Within the last two files the data have the following columns:
DS - the density state of the quadrat.
image_strip - an index of the combined images used to derive the hyperspectral or vegetation index data.
grid - a quadrat ID index.
x - an X coordinate from the given field.
y - a Y coordinate from the given field.
field - a field index for the given field.
The remaining columns will refer to the values of the vegetation indeces (indexed by name), or the hyperspectral bands (e.g. XXXXX.Nanometers)
R:
Contains all R code to reproduce analyses.
helper_functions.R - contains R code used in model fitting and data manipulation.
performance_metrics.R - contains R code used to evaluate predictive performance of classifiers.
ensemble_fit - contains all R scripts to fit field-level classifiers to HS and VGI data.
ensemble_predict - contains all R scripts to predict (within field) from individual field-level classifiers to HS and VGI data.

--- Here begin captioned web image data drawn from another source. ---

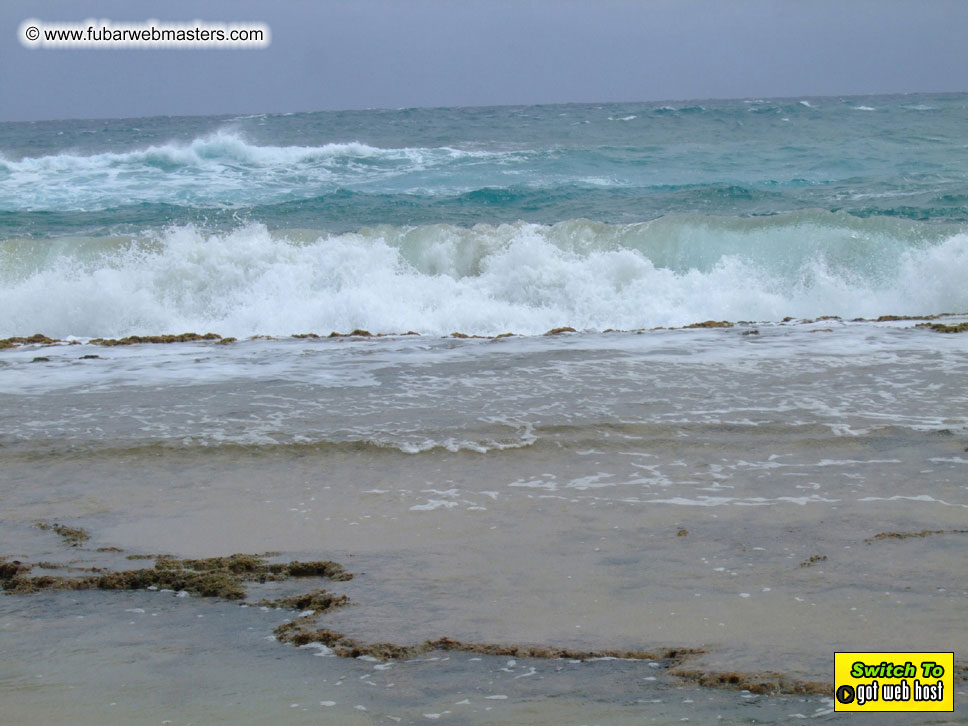 GoodGirl & Baddog's Hawaii Photos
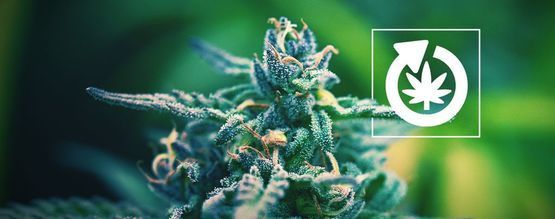 Cannabisplantens livscyklus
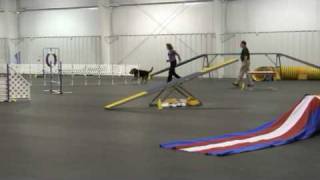 Five Airedale Agility Runs  AKC [upl. by Hubey238]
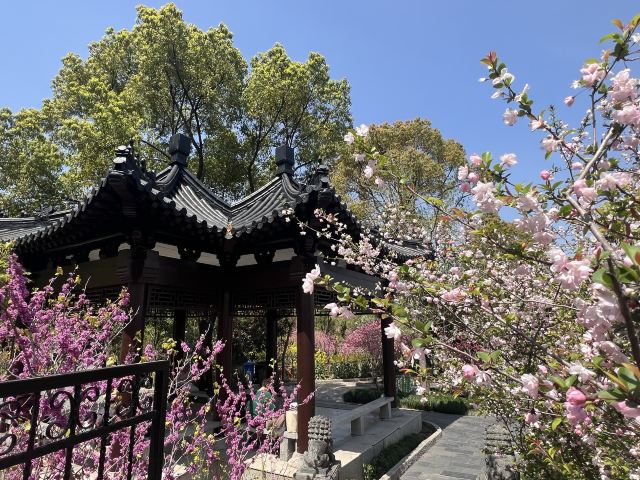 上海南汇桃花村旅行图片 7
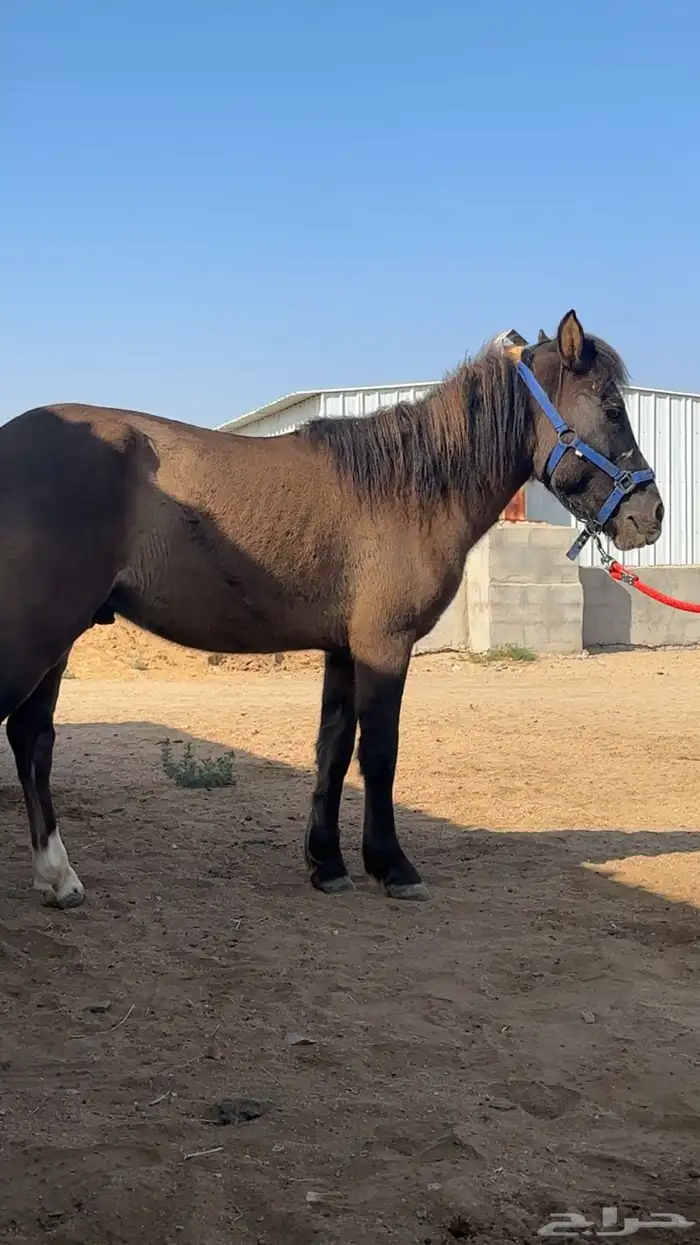 بوني هادي جدآ 1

weight_ensemble - contains all R scripts to weight individual field-level classifiers and predict (out of field) from the ensemble.
plot_ensemble_results_updated contains a script to plot the results from the weighted ensemble, and some other figures ast they appear in the paper.
Results:
Contains .csv files containing the predictive performance of ensemble model fits as well as individual classifier fits from random forests fit to individual fields.
all_ensemble_HS_pred_perf.csv - Predictive performance from models fit to HS data.
all_ensemble_VGI_pred_perf.csv- Predictive performance from models fit to VGI data.
Within these files the column headers are as follows:
X - a row ID index
Field - The field for which predictions were made.
hyp_mar_NN - the distance to the nearest neighbour calculated from the hypothesis margin.
Columns labelled acc_X_XX represent the geometric mean scores for each prediction, columns labelled with l/m/h (e.g. acc_l_xx) represent the geometric mean score for each of the respective (low, medium, high) density states. Columns labelled w0/w2/w10 represent the geometric mean score for unweighted (w0), and weighted (w2,w10), ensembled predictions respectively.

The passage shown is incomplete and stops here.